In definitiva il reato di falso deve ritenersi sussistente non occorrendo per il suo perfezionamento l'avere tratto in inganno il singolo acquirente, dovendosi concordare con le conclusioni sul punto espresse dal giudice di primo grado. Ed infatti anche se l'acquirente non viene tratto in inganno, essendo consapevole della contraffazione di quanto ha acquistato, sussiste tuttavia il rischio, per effetto della circolazione dei beni muniti di segni distintivi contraffatti, di trarre in inganno la generalità dei consociati, portati a credere, vedendo fare sfoggio dell'oggetto con un preciso logo impresso, che si tratti di un modello autentico (di qui la lesione del bene giuridico protetto dalla norma incriminatrice).
Il primo motivo di appello deve quindi essere rigettato.
Quanto al secondo motivo di gravame, attinente le censure mosse in ordine alla determinazione della pena, rileva la Corte come il trattamento sanzionatorio non appaia in alcun modo eccessivo, avuto riguardo alla complessiva condotta dell'imputato, al numero degli oggetti di cui era entrato in possesso e alle sue connotazioni soggettive. Au.Fe. è infatti soggetto gravato da precedenti penali, anche specifici, che lo connotano come un soggetto dedito stabilmente all'attività criminosa.

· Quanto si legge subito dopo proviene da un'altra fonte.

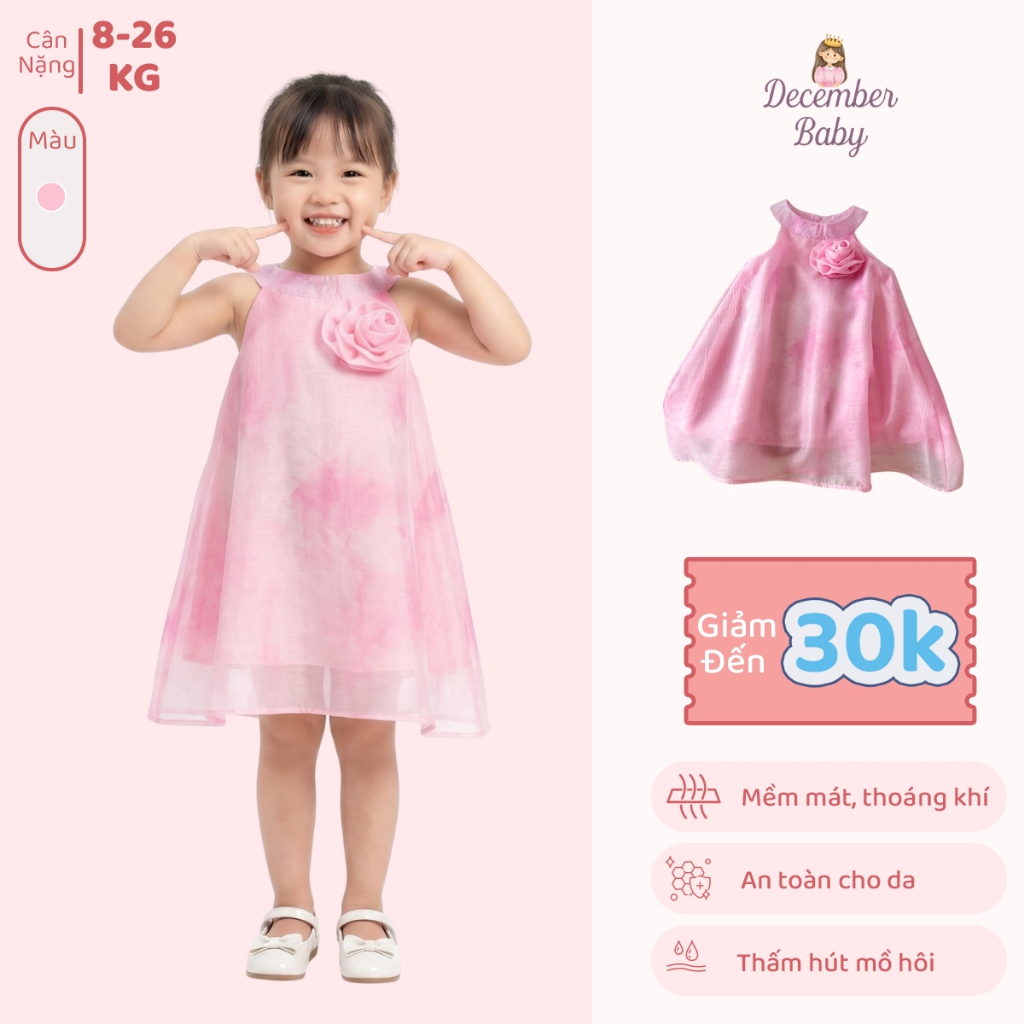 Váy Cổ Yếm Tơ In Lạ Mắt Đính Hoa Xinh Xắn Cho Bé Gái -[DEC20] - December Baby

Anche il secondo motivo di appello deve essere quindi respinto
La sentenza appellata deve essere quindi confermata, con conseguente condanna di Au.Fe. al pagamento delle spese processuali relative al presente grado di giudizio, nonché di quelle di difesa della parte civile Or. s.a., in persona del legale rappresentante pro tempore, che si liquidano in complessivi Euro 1.000,00 oltre C.N.A., I.V.A. oltre ad accessori di legge.
P.Q.M.
Visti gli artt. 605 e 592 c.p.p.,
conferma la sentenza emessa dal Tribunale di Perugia in composizione monocratica in data 27.6.2007 nei confronti di Au.Fe. e dallo stesso appellata, e condanna l'appellante al pagamento delle spese del grado, nonché di quelle di difesa della parte civile che liquida in complessivi Euro 1.000,00 oltre CNA, IVA e rimborso forfetario come per legge. Assegna il termine di giorni 90 per il deposito della motivazione della sentenza.